## What you will do
Retype the listing below line for line, but only from the line with "Shenzhennvm 极限深喉/口水拉丝/眼泪鼻涕/口枷深喉Chinese extreme" down to the line with "Ďalšie nešťastie v", inclusive. Pictures stay out.

:: Data extracts

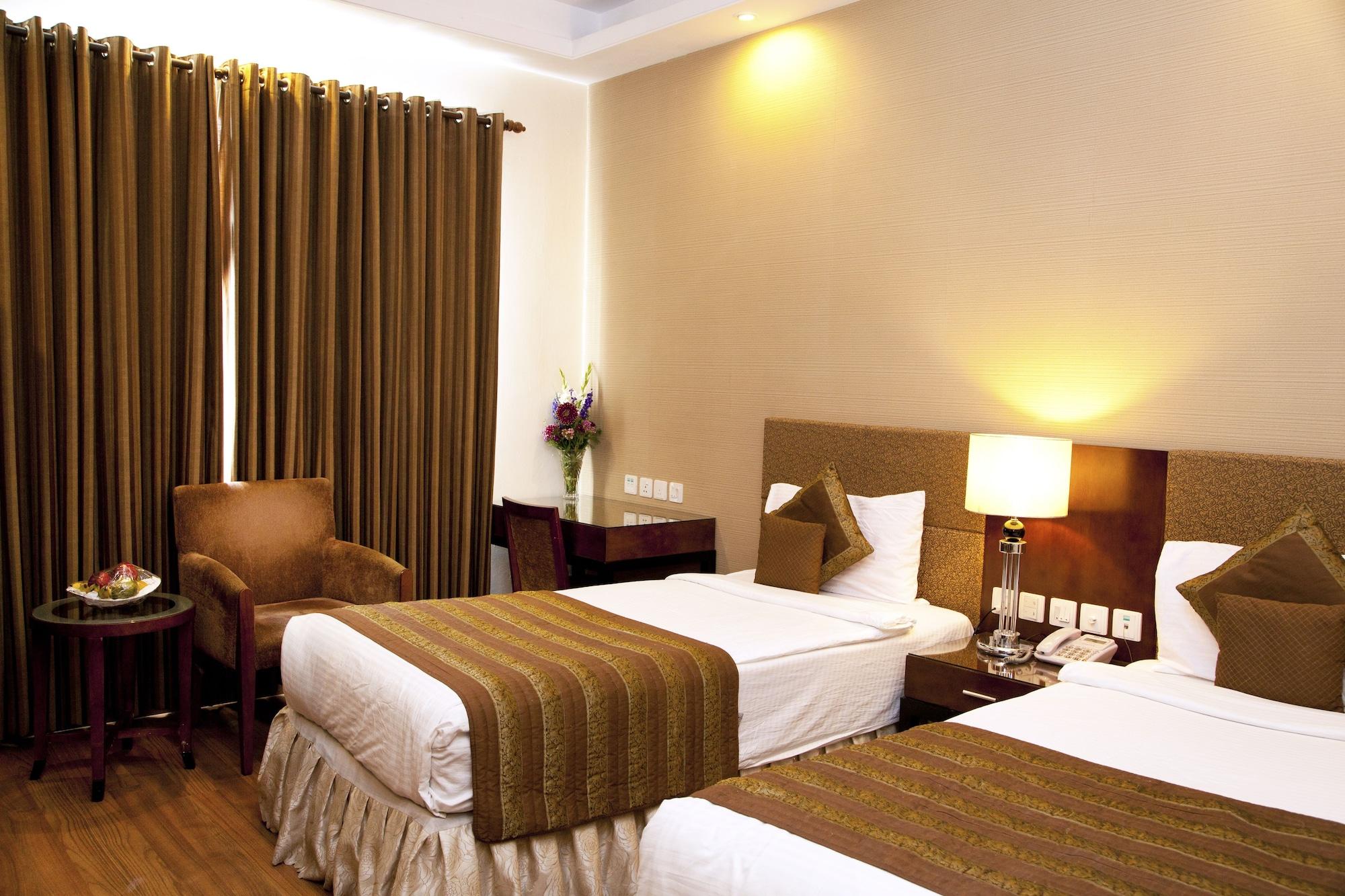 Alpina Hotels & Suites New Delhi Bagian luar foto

::::
:: Data extracts

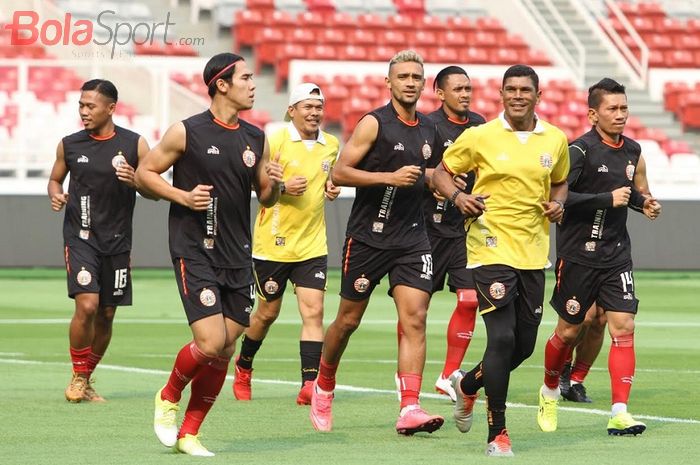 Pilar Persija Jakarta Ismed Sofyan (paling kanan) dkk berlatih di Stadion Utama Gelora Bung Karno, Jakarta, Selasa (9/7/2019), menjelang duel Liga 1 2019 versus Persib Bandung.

::::
:: Data extracts

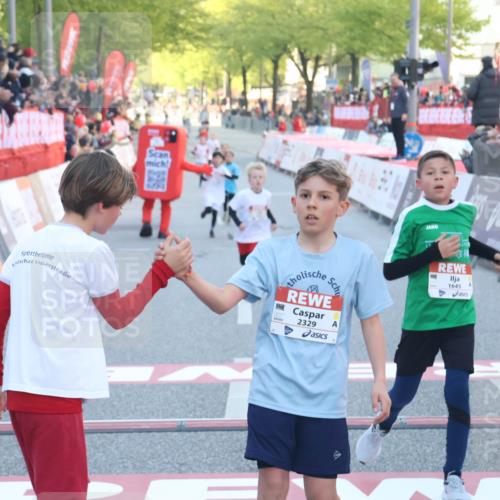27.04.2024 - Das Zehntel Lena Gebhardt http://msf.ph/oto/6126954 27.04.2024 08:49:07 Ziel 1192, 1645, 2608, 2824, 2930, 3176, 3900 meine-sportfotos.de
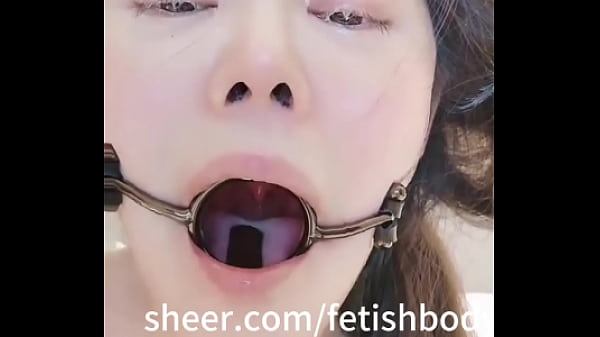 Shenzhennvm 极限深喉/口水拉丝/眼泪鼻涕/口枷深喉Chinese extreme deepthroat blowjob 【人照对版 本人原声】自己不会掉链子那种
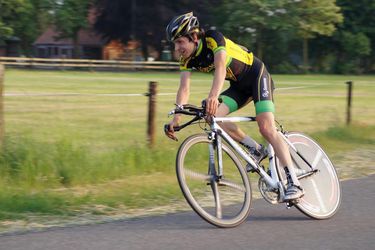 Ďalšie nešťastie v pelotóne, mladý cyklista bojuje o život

::::

## Exercise response
 Shenzhennvm 极限深喉/口水拉丝/眼泪鼻涕/口枷深喉Chinese extreme deepthroat blowjob 【人照对版 本人原声】自己不会掉链子那种
 Ďalšie nešťastie v pelotóne, mladý cyklista bojuje o život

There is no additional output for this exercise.